* TASK DESCRIPTION
Your response should contain every record below, copied exactly.
---- EXTRACTED MATERIAL
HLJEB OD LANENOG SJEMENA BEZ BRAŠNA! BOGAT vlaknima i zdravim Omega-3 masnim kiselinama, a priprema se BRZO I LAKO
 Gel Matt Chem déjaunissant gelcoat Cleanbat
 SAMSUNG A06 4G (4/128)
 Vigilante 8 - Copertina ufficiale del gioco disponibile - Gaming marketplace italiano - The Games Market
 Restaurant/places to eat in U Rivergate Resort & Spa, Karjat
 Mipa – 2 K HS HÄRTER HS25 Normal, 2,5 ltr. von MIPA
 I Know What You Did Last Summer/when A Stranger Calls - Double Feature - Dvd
--------
* SOLUTION FOR THIS EXERCISE
HLJEB OD LANENOG SJEMENA BEZ BRAŠNA! BOGAT vlaknima i zdravim Omega-3 masnim kiselinama, a priprema se BRZO I LAKO
 Gel Matt Chem déjaunissant gelcoat Cleanbat
 SAMSUNG A06 4G (4/128)
 Vigilante 8 - Copertina ufficiale del gioco disponibile - Gaming marketplace italiano - The Games Market
 Restaurant/places to eat in U Rivergate Resort & Spa, Karjat
 Mipa – 2 K HS HÄRTER HS25 Normal, 2,5 ltr. von MIPA
 I Know What You Did Last Summer/when A Stranger Calls - Double Feature - Dvd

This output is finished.